Otros usos del limpiador

Este tipo de limpiador nos resultará muy útil para tener una rutina diaria a cualquier hora del día, aunque no cabe duda de que el mejor efecto posible lo vamos a obtener justo antes de irnos a dormir. De esta manera liberamos el rostro de toda la suciedad acumulada a lo largo de la jornada y permitimos que respire durante la noche.

Para poder aprovechar al máximo sus ventajas, lo primero que tenemos que hacer una vez hayamos encontrado el momento de ponernos el limpiador es tomar media cucharadita, o una entera si lo encontramos necesario, de lo que hemos producido de limpiador, y mezclarlos con agua hasta realizar una pasta.

Acto seguido, comenzamos a humedecer la piel y a aplicar el producto realizando un suave masaje. Enjuagamos después con agua y secamos cuidadosamente, dando toquecitos para no dañar la zona. Podemos repetir este procedimiento tantas veces como queramos a lo largo del día, aunque lo ideal es hacerlo una vez, antes de irnos a descansar.

También podemos convertirlo en una mascarilla facial, convirtiendo la mezcla que hemos fabricado en la base para una mascarilla exfoliante semanal. Para ello, solo tenemos que tomar dos o tres cucharaditas del polvo que estamos usando para estos fines y mezclarlos con unas cuantas gotas de agua hasta crear una pasta lo suficientemente gruesa.

Después lo aplicamos suavemente con las yemas de los dedos, realizando un masaje con nuestras propias manos que también ayuden al producto a hacer efecto. Facilitamos de este modo la eliminación de las células muertas también y reactivamos la circulación, que nunca viene mal.

Lo dejamos actuar durante unos 15 minutos, y acto seguido retiramos con suficiente agua tibia.
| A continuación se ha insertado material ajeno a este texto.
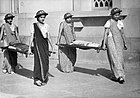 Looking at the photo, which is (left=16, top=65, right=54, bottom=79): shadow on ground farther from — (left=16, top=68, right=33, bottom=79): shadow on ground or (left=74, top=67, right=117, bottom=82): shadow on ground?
(left=74, top=67, right=117, bottom=82): shadow on ground

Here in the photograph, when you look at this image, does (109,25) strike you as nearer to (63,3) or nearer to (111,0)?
(111,0)

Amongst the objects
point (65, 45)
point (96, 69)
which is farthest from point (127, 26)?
point (65, 45)

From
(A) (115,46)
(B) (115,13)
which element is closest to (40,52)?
(A) (115,46)

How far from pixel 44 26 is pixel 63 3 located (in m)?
5.79

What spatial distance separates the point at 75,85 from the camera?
813 cm

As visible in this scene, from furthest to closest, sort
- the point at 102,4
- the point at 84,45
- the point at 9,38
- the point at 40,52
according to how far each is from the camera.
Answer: the point at 102,4 → the point at 9,38 → the point at 84,45 → the point at 40,52

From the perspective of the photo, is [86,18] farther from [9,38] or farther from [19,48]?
[19,48]

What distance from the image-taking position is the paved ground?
23.2 feet

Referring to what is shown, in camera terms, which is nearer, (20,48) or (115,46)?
(115,46)

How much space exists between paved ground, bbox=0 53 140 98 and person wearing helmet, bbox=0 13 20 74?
35 cm

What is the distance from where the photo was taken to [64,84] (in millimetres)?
8289

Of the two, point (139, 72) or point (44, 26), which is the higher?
point (44, 26)

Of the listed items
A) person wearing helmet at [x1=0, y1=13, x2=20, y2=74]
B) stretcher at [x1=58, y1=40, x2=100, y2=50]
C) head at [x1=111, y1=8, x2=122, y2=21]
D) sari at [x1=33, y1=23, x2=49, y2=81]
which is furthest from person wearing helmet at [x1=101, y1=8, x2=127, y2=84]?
person wearing helmet at [x1=0, y1=13, x2=20, y2=74]

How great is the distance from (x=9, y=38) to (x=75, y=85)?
3.10 metres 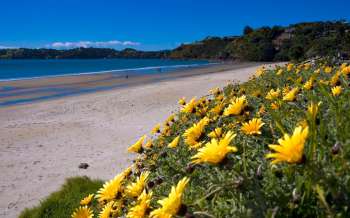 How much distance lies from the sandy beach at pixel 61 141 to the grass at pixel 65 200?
47cm

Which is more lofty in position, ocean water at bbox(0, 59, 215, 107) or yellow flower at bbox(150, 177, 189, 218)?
yellow flower at bbox(150, 177, 189, 218)

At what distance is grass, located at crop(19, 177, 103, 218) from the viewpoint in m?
5.03

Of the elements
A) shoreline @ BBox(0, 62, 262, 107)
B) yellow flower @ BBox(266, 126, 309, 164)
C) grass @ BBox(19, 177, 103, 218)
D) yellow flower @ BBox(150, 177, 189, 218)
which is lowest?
shoreline @ BBox(0, 62, 262, 107)

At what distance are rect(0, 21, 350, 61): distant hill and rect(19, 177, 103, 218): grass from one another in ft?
65.6

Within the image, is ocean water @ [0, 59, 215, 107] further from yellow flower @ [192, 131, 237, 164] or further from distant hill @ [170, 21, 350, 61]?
yellow flower @ [192, 131, 237, 164]

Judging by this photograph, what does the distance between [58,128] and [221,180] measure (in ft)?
36.4

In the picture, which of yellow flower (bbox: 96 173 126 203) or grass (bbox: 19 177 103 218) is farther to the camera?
grass (bbox: 19 177 103 218)

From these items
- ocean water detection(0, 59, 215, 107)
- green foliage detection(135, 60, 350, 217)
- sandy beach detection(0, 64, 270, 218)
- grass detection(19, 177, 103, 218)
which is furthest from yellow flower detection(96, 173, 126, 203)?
ocean water detection(0, 59, 215, 107)

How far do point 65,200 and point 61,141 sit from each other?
16.2 ft

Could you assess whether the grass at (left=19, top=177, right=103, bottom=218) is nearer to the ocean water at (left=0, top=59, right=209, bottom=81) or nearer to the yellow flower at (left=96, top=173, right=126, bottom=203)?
the yellow flower at (left=96, top=173, right=126, bottom=203)

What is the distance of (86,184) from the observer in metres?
5.82

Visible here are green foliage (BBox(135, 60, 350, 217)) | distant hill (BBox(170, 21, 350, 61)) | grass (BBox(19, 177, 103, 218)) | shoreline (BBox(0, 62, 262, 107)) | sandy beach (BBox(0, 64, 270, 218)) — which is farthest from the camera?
distant hill (BBox(170, 21, 350, 61))

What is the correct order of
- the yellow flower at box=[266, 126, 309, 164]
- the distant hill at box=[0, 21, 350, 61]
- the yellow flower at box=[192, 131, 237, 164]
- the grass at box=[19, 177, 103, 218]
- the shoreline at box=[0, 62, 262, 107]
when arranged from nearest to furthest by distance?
1. the yellow flower at box=[266, 126, 309, 164]
2. the yellow flower at box=[192, 131, 237, 164]
3. the grass at box=[19, 177, 103, 218]
4. the shoreline at box=[0, 62, 262, 107]
5. the distant hill at box=[0, 21, 350, 61]

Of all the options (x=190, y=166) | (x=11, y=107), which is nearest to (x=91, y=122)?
(x=11, y=107) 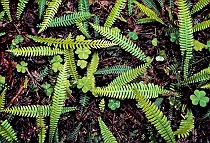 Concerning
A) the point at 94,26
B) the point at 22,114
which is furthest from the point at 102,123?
the point at 94,26

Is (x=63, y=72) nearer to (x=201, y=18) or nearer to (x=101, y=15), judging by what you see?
(x=101, y=15)

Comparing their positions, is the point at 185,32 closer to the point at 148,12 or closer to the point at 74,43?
the point at 148,12

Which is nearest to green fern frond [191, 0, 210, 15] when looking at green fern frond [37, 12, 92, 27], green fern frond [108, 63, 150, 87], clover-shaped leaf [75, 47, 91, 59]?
green fern frond [108, 63, 150, 87]

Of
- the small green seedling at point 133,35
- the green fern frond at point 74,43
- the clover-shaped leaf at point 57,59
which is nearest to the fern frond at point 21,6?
the green fern frond at point 74,43

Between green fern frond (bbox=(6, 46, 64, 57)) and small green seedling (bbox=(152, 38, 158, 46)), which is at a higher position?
small green seedling (bbox=(152, 38, 158, 46))

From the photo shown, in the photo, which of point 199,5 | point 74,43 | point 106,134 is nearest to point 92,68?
point 74,43

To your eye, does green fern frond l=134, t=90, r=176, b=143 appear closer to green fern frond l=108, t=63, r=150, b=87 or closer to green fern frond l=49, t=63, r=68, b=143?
green fern frond l=108, t=63, r=150, b=87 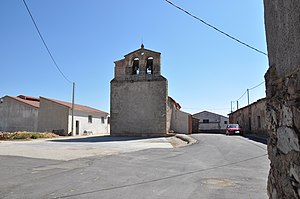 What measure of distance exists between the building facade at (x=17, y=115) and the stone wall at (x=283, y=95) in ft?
124

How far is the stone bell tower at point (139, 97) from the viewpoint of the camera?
27.5 metres

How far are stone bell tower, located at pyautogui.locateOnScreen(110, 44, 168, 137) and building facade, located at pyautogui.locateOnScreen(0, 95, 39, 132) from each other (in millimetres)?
14938

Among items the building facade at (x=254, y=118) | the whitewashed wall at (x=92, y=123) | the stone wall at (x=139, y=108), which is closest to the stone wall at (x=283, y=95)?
the building facade at (x=254, y=118)

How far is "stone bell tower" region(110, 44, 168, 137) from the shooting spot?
2753 cm

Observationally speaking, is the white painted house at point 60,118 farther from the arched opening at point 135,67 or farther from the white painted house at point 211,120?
the white painted house at point 211,120

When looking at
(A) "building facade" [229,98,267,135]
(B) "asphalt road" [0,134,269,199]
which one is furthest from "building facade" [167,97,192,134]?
(B) "asphalt road" [0,134,269,199]

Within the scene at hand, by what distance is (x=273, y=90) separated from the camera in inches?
117

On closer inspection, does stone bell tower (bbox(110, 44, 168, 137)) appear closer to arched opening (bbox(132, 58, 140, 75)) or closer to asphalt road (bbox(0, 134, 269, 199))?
arched opening (bbox(132, 58, 140, 75))

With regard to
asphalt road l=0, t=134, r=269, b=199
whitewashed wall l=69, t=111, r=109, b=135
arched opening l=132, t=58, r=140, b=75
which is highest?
arched opening l=132, t=58, r=140, b=75

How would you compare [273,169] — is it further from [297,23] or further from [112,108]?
[112,108]

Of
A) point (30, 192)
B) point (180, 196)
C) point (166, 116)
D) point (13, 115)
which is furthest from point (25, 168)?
point (13, 115)

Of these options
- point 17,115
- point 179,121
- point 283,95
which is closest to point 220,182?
point 283,95

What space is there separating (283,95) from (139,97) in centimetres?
2586

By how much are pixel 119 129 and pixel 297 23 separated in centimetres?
2672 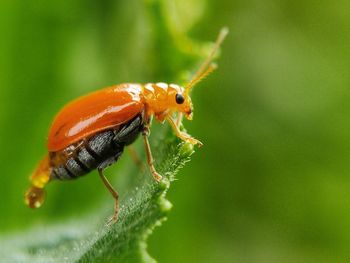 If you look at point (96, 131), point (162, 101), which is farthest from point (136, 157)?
point (96, 131)

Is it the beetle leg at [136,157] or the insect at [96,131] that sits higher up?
the insect at [96,131]

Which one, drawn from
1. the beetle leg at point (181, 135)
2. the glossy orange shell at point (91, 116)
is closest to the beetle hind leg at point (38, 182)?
the glossy orange shell at point (91, 116)

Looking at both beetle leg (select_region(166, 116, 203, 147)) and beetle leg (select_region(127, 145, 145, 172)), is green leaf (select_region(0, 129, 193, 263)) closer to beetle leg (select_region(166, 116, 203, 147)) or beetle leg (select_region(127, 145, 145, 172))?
beetle leg (select_region(166, 116, 203, 147))

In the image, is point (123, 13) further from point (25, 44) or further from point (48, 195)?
point (48, 195)

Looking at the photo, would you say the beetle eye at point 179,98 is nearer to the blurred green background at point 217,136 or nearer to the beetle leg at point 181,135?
the beetle leg at point 181,135

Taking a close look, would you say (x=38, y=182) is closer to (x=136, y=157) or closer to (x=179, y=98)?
(x=136, y=157)

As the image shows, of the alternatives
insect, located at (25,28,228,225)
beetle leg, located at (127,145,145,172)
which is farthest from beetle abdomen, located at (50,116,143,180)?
beetle leg, located at (127,145,145,172)

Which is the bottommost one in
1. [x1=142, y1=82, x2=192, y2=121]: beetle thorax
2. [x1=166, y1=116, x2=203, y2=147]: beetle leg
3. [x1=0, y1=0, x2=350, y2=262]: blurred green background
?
[x1=0, y1=0, x2=350, y2=262]: blurred green background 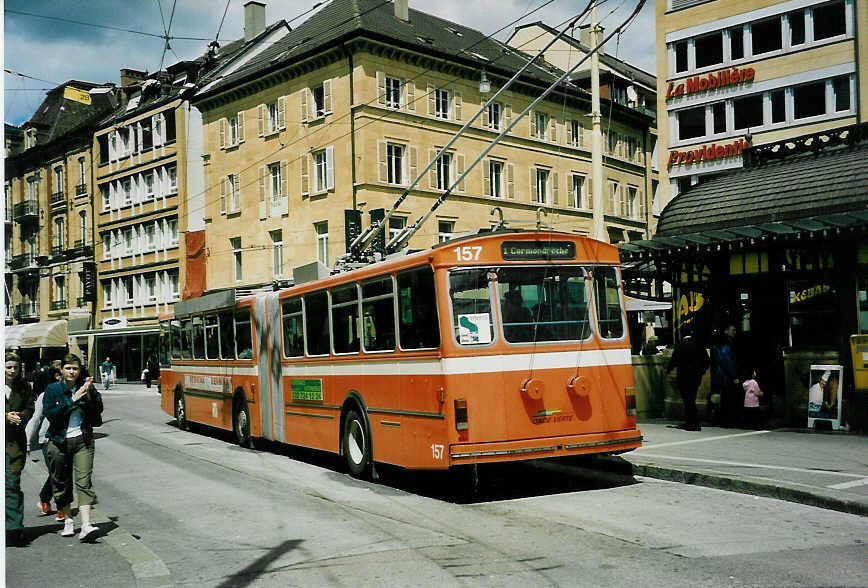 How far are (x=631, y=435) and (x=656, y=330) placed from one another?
39243 mm

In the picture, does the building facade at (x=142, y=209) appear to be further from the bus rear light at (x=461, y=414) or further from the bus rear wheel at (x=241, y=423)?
A: the bus rear light at (x=461, y=414)

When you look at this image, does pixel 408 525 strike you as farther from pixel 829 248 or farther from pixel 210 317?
A: pixel 210 317

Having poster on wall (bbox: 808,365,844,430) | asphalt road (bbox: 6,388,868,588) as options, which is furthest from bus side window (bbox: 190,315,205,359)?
poster on wall (bbox: 808,365,844,430)

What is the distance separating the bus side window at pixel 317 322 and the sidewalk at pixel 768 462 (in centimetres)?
455

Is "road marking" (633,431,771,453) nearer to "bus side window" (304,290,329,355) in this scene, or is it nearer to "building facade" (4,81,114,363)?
"bus side window" (304,290,329,355)

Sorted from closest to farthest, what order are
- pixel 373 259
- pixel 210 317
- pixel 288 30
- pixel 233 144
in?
1. pixel 373 259
2. pixel 210 317
3. pixel 233 144
4. pixel 288 30

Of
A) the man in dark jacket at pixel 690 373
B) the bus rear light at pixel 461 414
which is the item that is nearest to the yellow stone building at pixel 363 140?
the man in dark jacket at pixel 690 373

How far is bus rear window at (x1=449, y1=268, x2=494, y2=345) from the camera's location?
35.7 ft

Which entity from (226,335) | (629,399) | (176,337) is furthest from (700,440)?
(176,337)

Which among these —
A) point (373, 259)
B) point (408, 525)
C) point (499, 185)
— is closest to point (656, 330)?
point (499, 185)

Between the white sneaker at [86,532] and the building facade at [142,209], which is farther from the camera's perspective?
the building facade at [142,209]

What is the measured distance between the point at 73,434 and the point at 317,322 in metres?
5.31

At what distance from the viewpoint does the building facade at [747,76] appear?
40.7 metres

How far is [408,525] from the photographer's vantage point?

Si queremos beneficios adicionales, podremos añadir aloe vera o incluso yogur en lugar de agua.

En definitiva, hay muchas maneras de crear un limpiador facial eficiente que pueda cubrir nuestras necesidades sin tener que salir de casa. Los dos ejemplos que hemos visto son multiusos, y podremos llevarlos encima para cualquier situación.

Lo ideal es que además de para limpiar, podamos utilizarlo para exfoliar y tonificar. Así nos saldrá mucho más baratUtilizarlo con regularidad nos dará una piel mucho más sana, y también tendremos un limpiador facial concreto para nosotros que se ajuste específicamente a lo que necesitamos.